He raised an eyebrow and brought his mouth closer to mine. I could feel his hot breath on me as he spoke. “But you want to, don’t you? It’s a hunger you can’t resist, a raw desire, an … aching need. Tell me the truth. You want to, don’t you?”

“No.” I clenched my jaw, glaring at him for making it sound so dirty, but inside I felt sick and weakened. I’d ached to kiss Colin just now, and it had taken everything I had to pull myself away from him. I’d tried to ignore my cravings, feed them with food each time they’d appeared, but nothing had helped.

Kraven knew that.

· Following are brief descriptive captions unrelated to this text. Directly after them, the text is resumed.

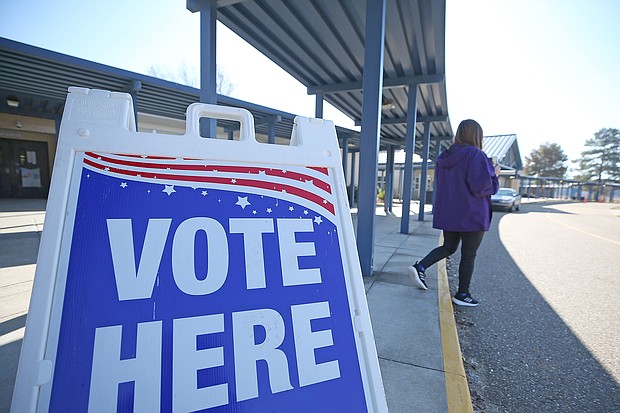 A person walks past a sign during a runoff election for Louisiana governor at a polling station at Quitman High School on November 16, 2019 in Quitman, Louisiana.
Mandatory Credit:	Matt Sullivan/Getty Images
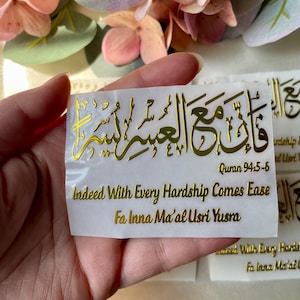 May include: A gold foil sticker with Arabic calligraphy and English text. The sticker reads "Indeed With Every Hardship Comes Ease" and "Fa Inna Ma'al Usri Yusra" from Quran 94:5-6. The sticker is held against a backdrop of pink and green flowers.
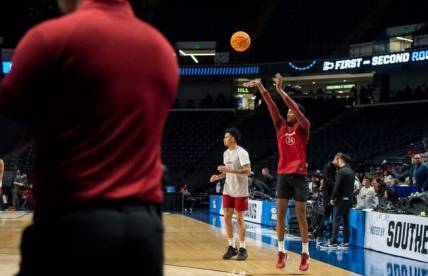 Alabama Crimson Tide player Brandon Miller (24) takes a jump shot as additional security watches on from the baseline during practice before the first round of NCAA Tournament at Legacy Arena in Birmingham, Ala., on Wednesday, March 15, 2023.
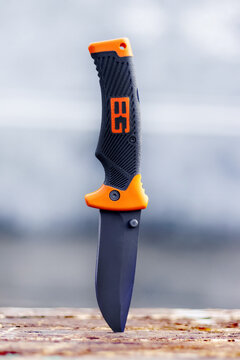 Ukraine, Khmelnytsky region, April 2021. Hunting knife stuck in a board on a dark background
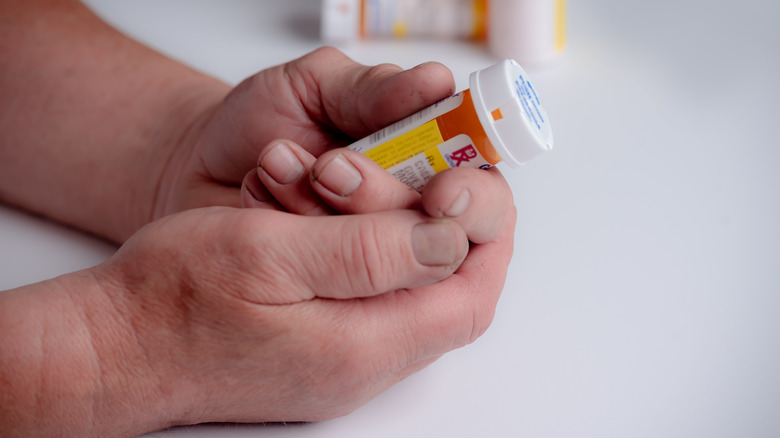 Person holding bottle of Tylenol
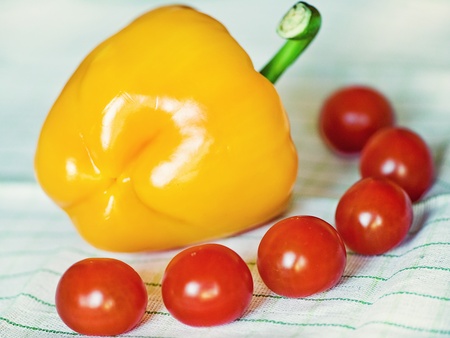 Yellow bulgarian pepper and cherry tomatoesの写真素材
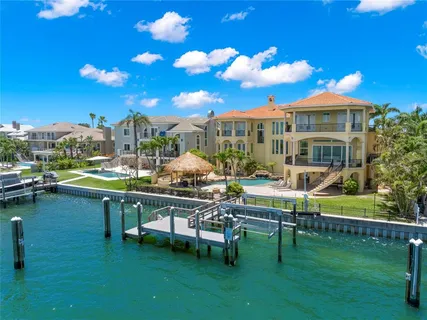 a living room with furniture a flat screen tv and a large window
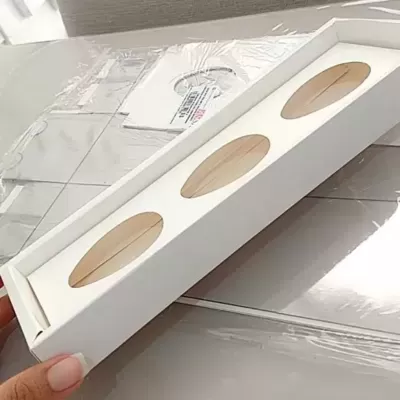 Caixa branca retangular com três janelas ovais mostrando produto fino bege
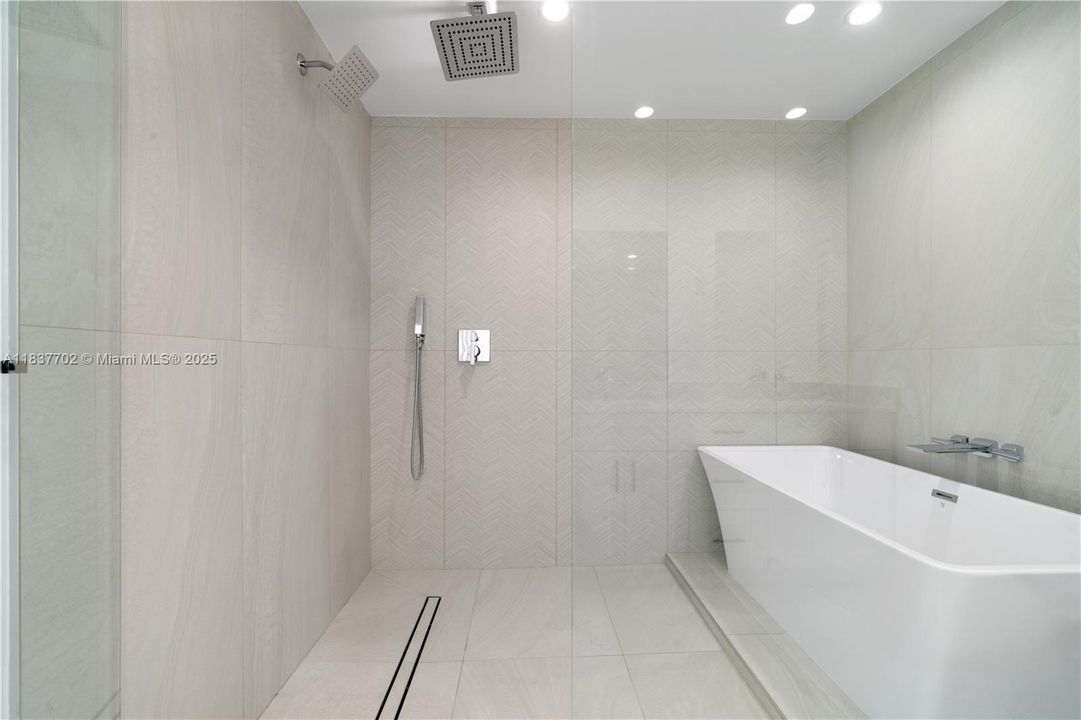 Enclosed shower with soaking tub..
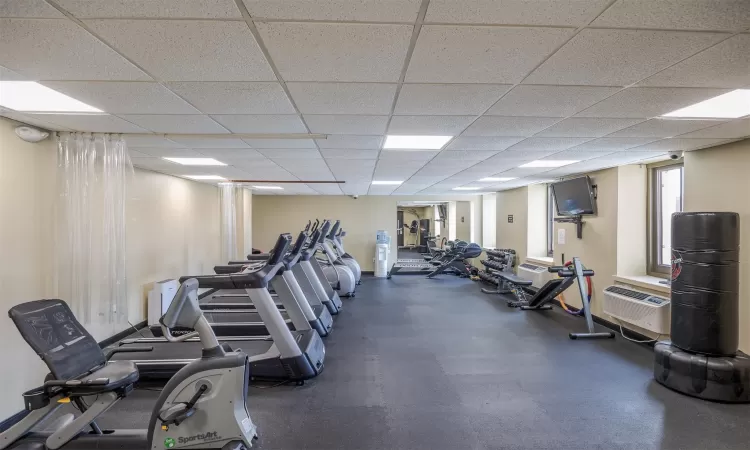 Exercise room featuring a drop ceiling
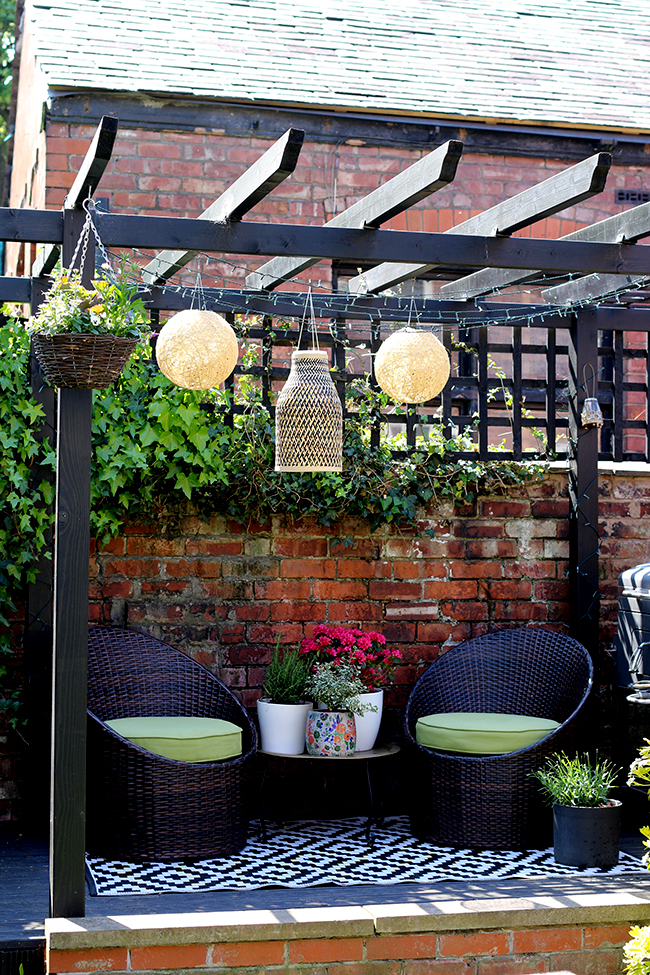 black pergola with bamboo lighting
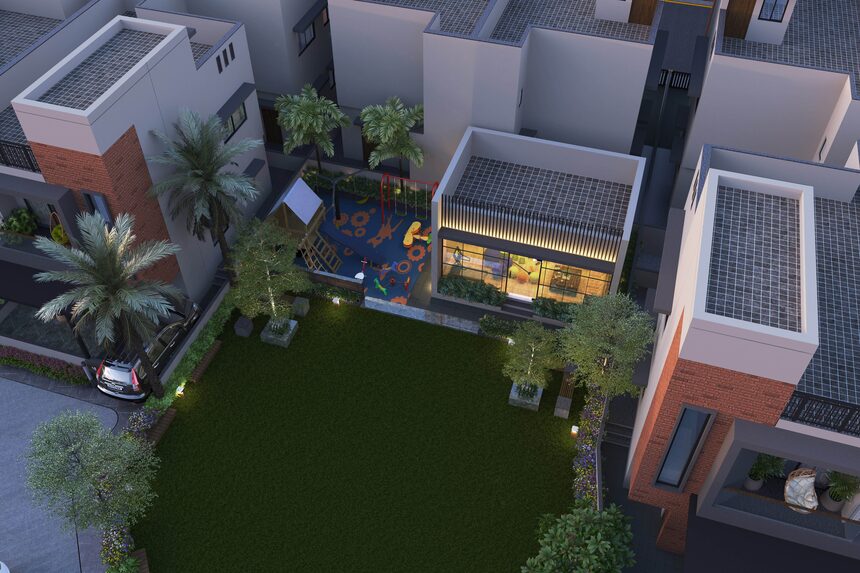 An aerial view of one cluster of bungalows around a pool and garden
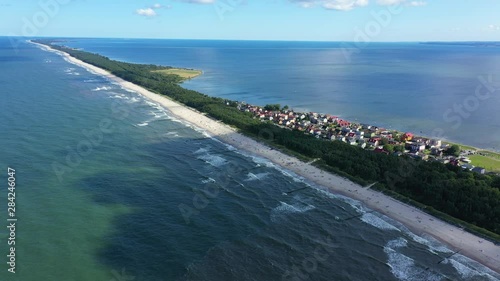 Beach in beautiful city Chalupy resort in Poland. Aerial video. Baltic Sea.Waves coming in. photo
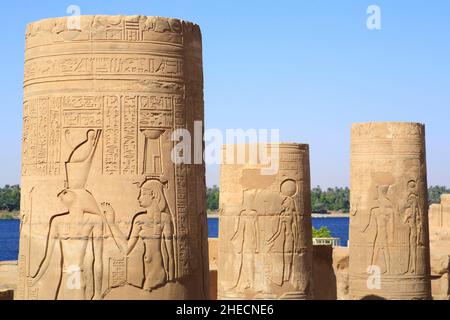 Égypte, haute Égypte, vallée du Nil, Kom Ombo, temple de Sobek et Haroeris, cour, première colonne avec hiéroglyphes et bas-relief représentant Horus (à gauche) et Nephthys (à droite) avec le Nil en arrière-plan Banque D'Images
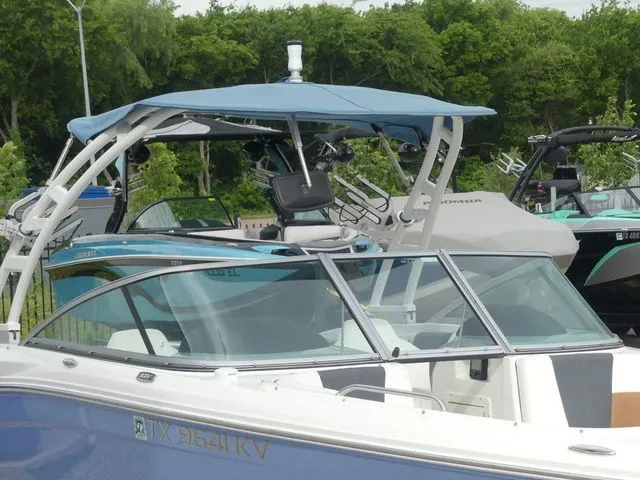 Slide: The Image of 2023 Chaparral 21 Surf boat with blue canopy in harbor. - 6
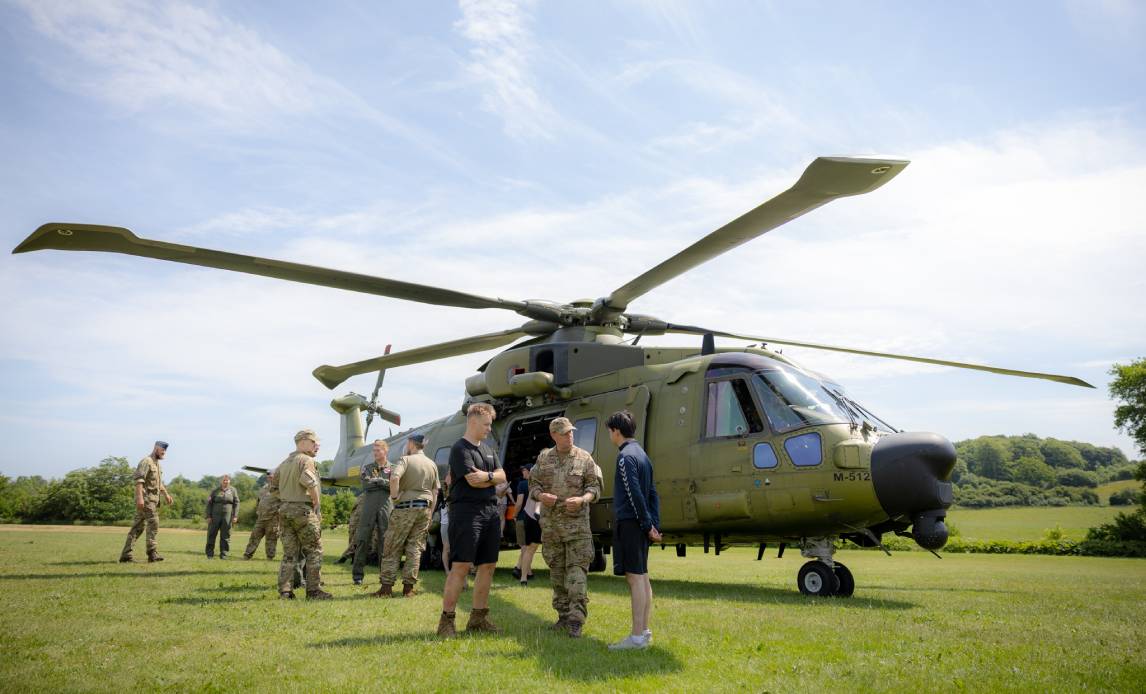 Besøgende til Soldat for en dag taler med en frivillig foran helikopter.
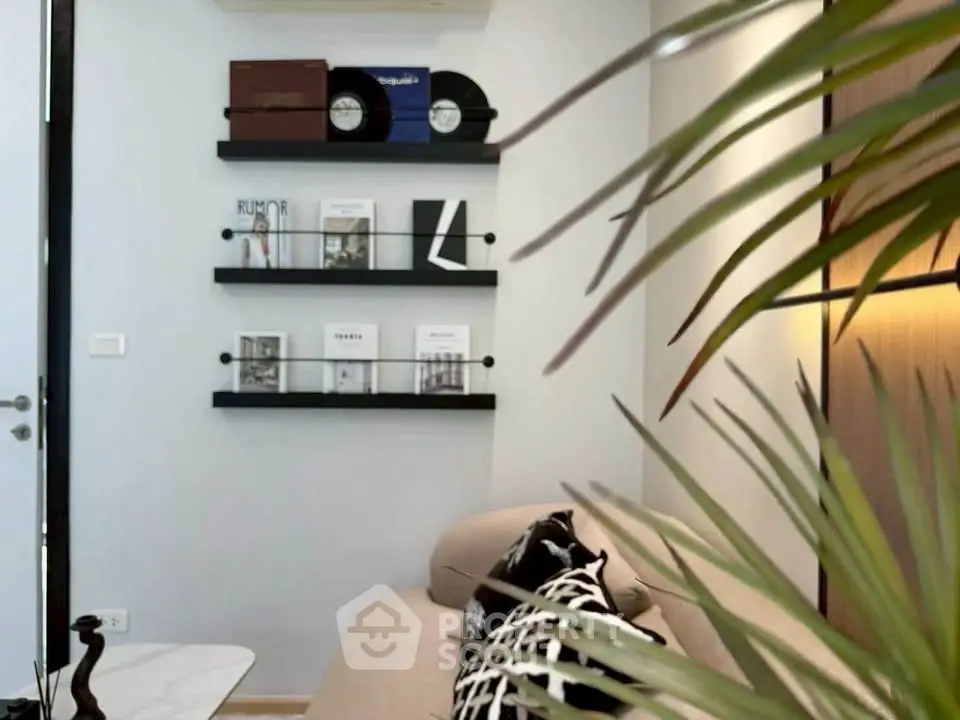 Stylish living room with modern decor and wall-mounted shelves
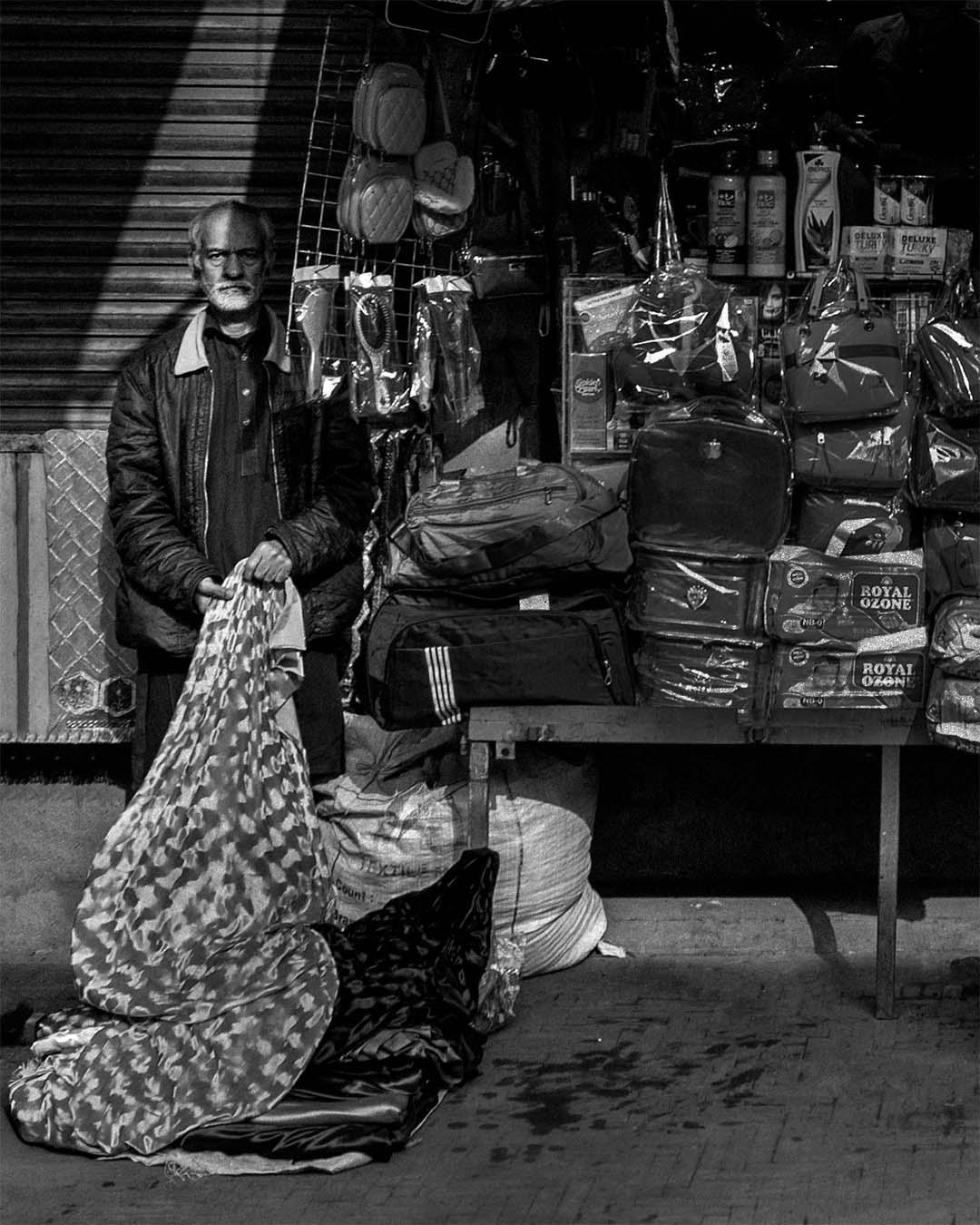Black and white street photo of a man standing in hard light and deep shadow, looking directly at the camera.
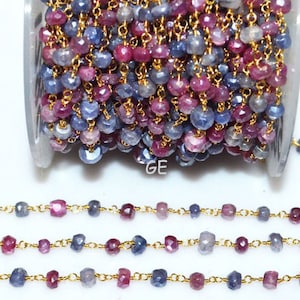 Op de afbeelding: Een spoel met een gouden ketting met afwisselend blauwe en roze facetgeslepen edelsteen kralen. De ketting ligt in drie rijen op een wit oppervlak.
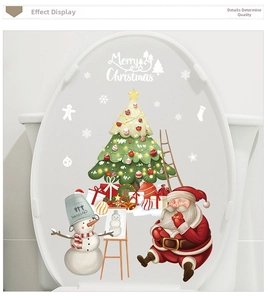 Detailed view of Santa and Snowman Christmas toilet lid decals on white bathroom surface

He shouldn’t have known anything about me, but he knew what I was feeling inside right now. And he saw the answer on my face even though I hadn’t said it out loud.

His smile faded. “Even if I believed you, it’s only a matter of time before you can’t control it any longer.”

He grabbed me by the throat so tight that I couldn’t breathe. I scratched and beat at his arms as hard as I could, but it didn’t do any good. He raised me off the ground so I was on my tiptoes.

No one could see that he was strangling me right in the middle of school grounds. I strained to get a breath, to scream, but I couldn’t. My fingernails dug into Kraven’s iron grip.

“Let go of her,” someone snarled.

Bishop had appeared a dozen feet away by the bench. My eyes widened, and the fear I’d felt the last time we’d been face-to-face came back in full force along with an almost giddy elation.

The demon finally tore his gaze away from me. “Or what?”

“Or I’ll kill you. Again.”

Kraven slowly set me back down on the ground, releasing my throat. I wheezed and gasped for breath. “You know, you’re a serious pain in the—”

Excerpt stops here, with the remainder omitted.